Overview

The neural correlates of consciousness have been studied at the macroscopic level. However, the neurochemical basis of these processes remains poorly understood. The mesocircuit theory challenges the cortico-centric view of consciousness. It highlights the role of subcortical regulation by dopaminergic circuits, including the ventral tegmental area and striatal loops. Experimental data show the importance of dopamine in consciousness recovery. Animal TBI studies link dopamine deficits to loss of consciousness and recovery. In humans, imaging studies show disrupted dopaminergic networks in chronic consciousness disorders. Yet, early-phase dopaminergic disruptions in acute coma remain underexplored.

Molecular imaging with PET or SPECT offers insights into dopamine system disturbances. The novel radiotracer 18F-LBT-999 enables detailed imaging of dopaminergic circuits, providing better spatial resolution and quantification than SPECT.

This proof of concept study aims to explore acute subcortical dopaminergic loop disruptions. It will combine 18F-LBT-999 PET with structural and functional MRI in post-traumatic coma.

Methods : Patients with severe traumatic brain injury (TBI) admitted to the intensive care unit state will be evaluated within 30 days post-injury. Participants will undergo clinical assessment after sedation clearance and will be categorized into three groups: (1) TBI-COMA (severe TBI with persistent coma), (2) TBI-REC (severe TBI with recovery of command-following), and (3) healthy controls.

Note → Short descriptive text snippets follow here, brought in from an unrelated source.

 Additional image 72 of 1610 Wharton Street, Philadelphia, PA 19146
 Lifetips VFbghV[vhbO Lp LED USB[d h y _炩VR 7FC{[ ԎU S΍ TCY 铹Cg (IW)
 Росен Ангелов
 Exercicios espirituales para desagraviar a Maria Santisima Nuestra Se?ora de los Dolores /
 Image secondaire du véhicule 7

All participants will undergo clinical evaluations, anatomical and functional MRI, and molecular imaging: 18F-LBT-999-PET. Neurological outcome (CRS-r scale), Disability rating scale (DRS), Quality of life (QUOLIBRI) and axtrapyramidal symptoms (MDS-UPDRS) will be assessed at 3 month.

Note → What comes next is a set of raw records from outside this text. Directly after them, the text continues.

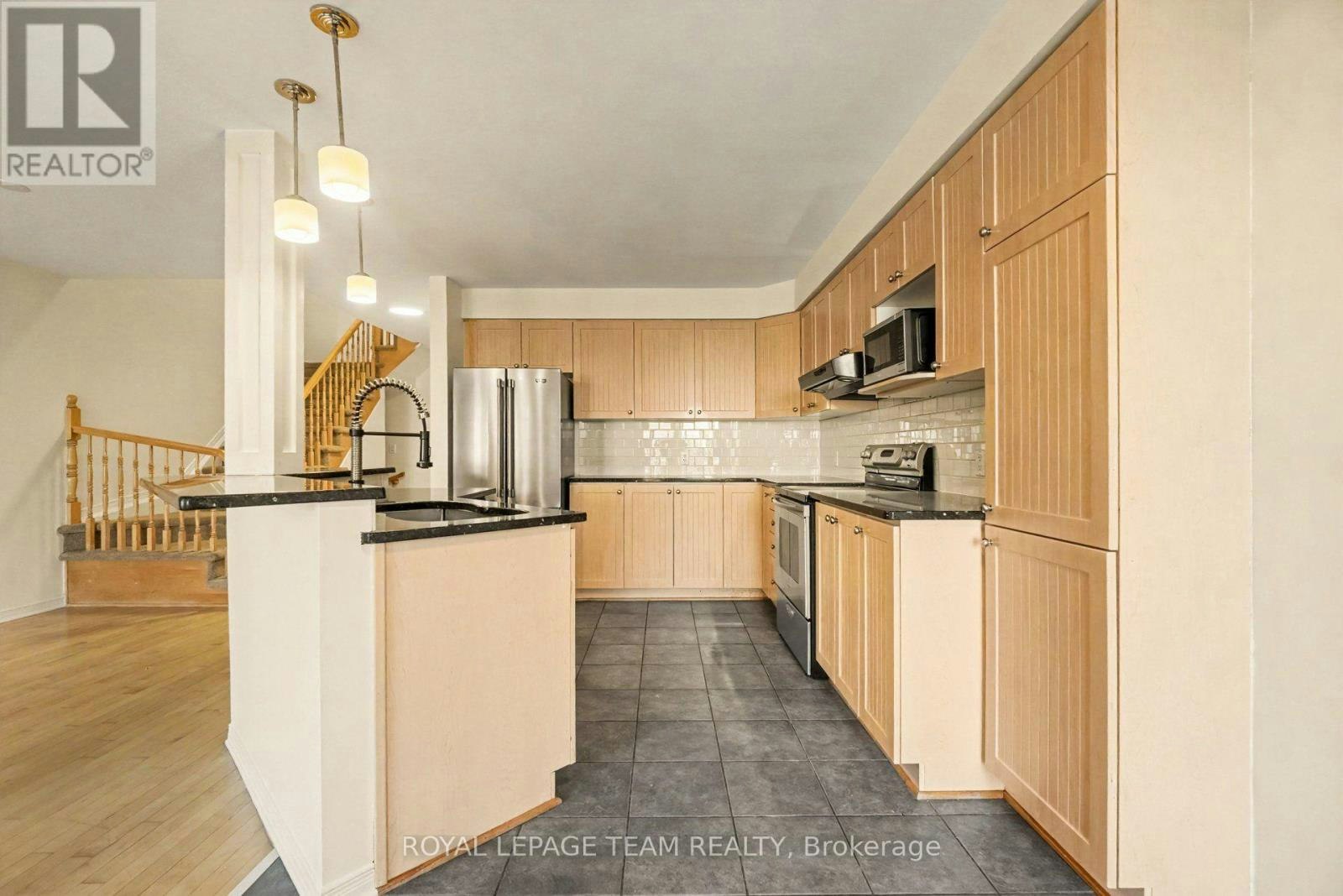 4419 Goldeneye Way, Ottawa, ON, K1V 2J3 - 8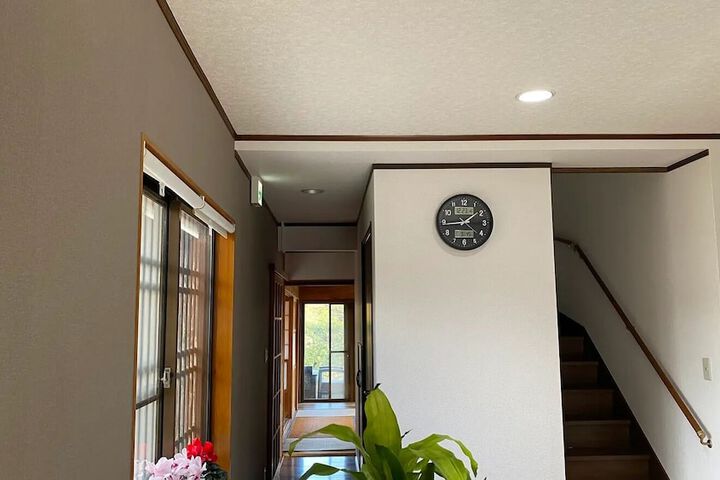 Room 55 of 110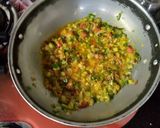 કાઠિયાવાડી થાળી (Kathiyawadi Thali Recipe In Gujarati) રેસીપી સ્ટેપ4ફોટો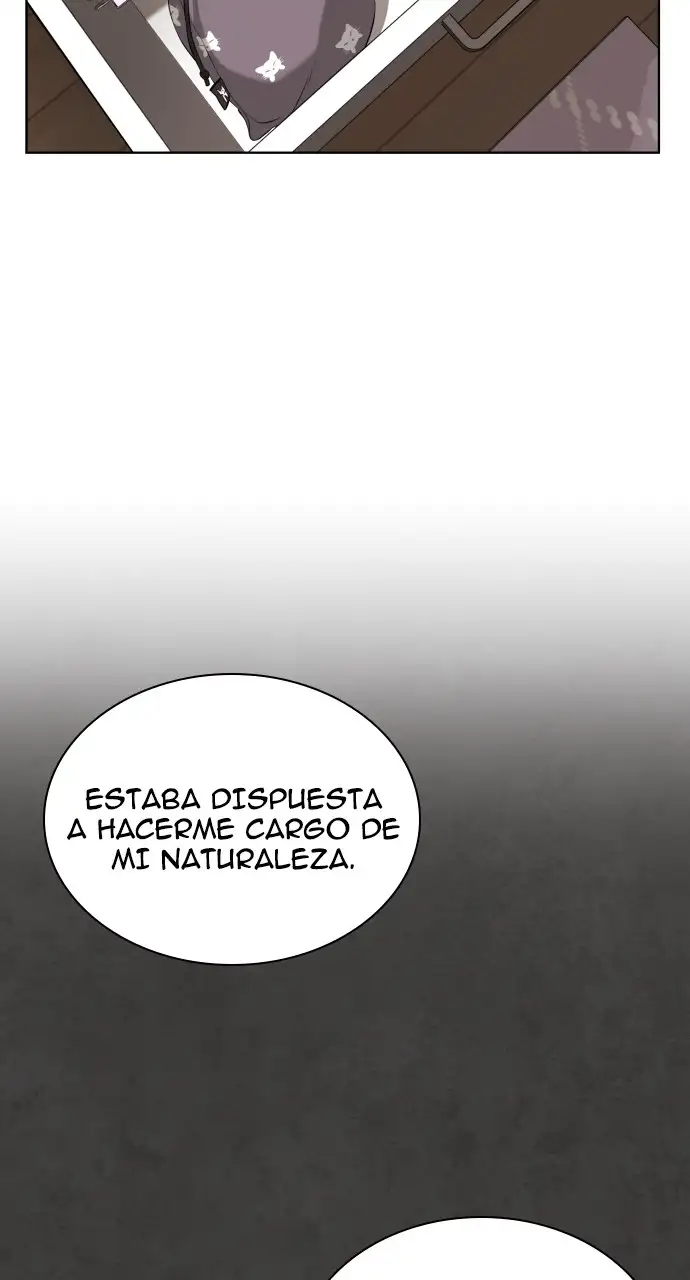 Sangre vengadora - Capítulo 10 - Página 41 - LectorTMOo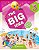 The Big Idea: English For Kids 3 - Imagem 1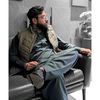 rana.amir.m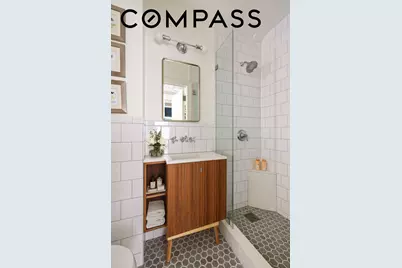 129 E 82nd Street #1C, New York City, NY 10028 - Photo 9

Primary Hypothesis: Acute post-traumatic severe TBI patients with persistent coma (TBI-COMA) show reduced presynaptic dopamine receptor levels in the striatum, compared to healthy controls.

Secondary Hypotheses:

• Dopaminergic disruptions correlate with the severity of consciousness impairment, differentiating TBI-COMA and TBI-REC groups.
• Structural damage in the striatum and nigrostriatal tract, identified via MRI, aligns with dopaminergic abnormalities.
• Multimodal imaging findings during the acute phase can predict long-term neurological and quality-of-life outcomes.
• Characterizing structural, functional, and metabolic variations in dopaminergic networks may guide personalized pharmacological treatments.

Eligibility

Inclusion Criteria:

For All Participants:

• Aged 18-65 years.
• Affiliated with or beneficiary of a social security system.
• Signed informed consent provided by the participant or a trusted representative (for patients).

For all TBI Participant

• Hospitalized for a non-penetrating traumatic brain injury (TBI) occurring within the last 30 days, with traumatic coma (Glasgow Coma Scale (GCS) < 10 and motor score (M) < 6) at hospital admission.
• Sedative treatments discontinued for more than 48 hours.
• Clinically stable (no hemodynamic, respiratory, or metabolic instability requiring specific interventions that contraindicate medical transfer to the imaging center).

For the TBI-COMA Group:

• Severe TBI characterized by prolonged coma, defined as an initial GCS < 10 with M < 6, and no recovery of consciousness at inclusion (GCS < 10 with M < 6).

For the TBI-REC Group:

• Severe TBI characterized by prolonged coma, defined as an initial GCS < 10 with M < 6, with recovery of consciousness evidenced by simple command-following (GCS ≥ 10 with M = 6) at inclusion.
• For Healthy Controls:

Matched by age (± 2 years) and sex to patients in the TBI-COMA group.

Exclusion Criteria:

For All Participants:

• Pregnant or breastfeeding women
• Contraindications to MRI
• Known allergy to the PET radiotracer or its excipients.
• History of conditions affecting the dopaminergic system
• Individuals under legal protection measures
• Current treatment with dopaminergic agonists or antagonists.

For Patients Only:

• Coma due to causes other than TBI.
• Decompressive craniectomy resulting in anatomical alterations incompatible with standardized image analysis (e.g., midline shift > 2 cm).

For Healthy Controls Only:

• Women of childbearing potential without effective contraception.
• Women unwilling to maintain effective contraception during the 30-day study period.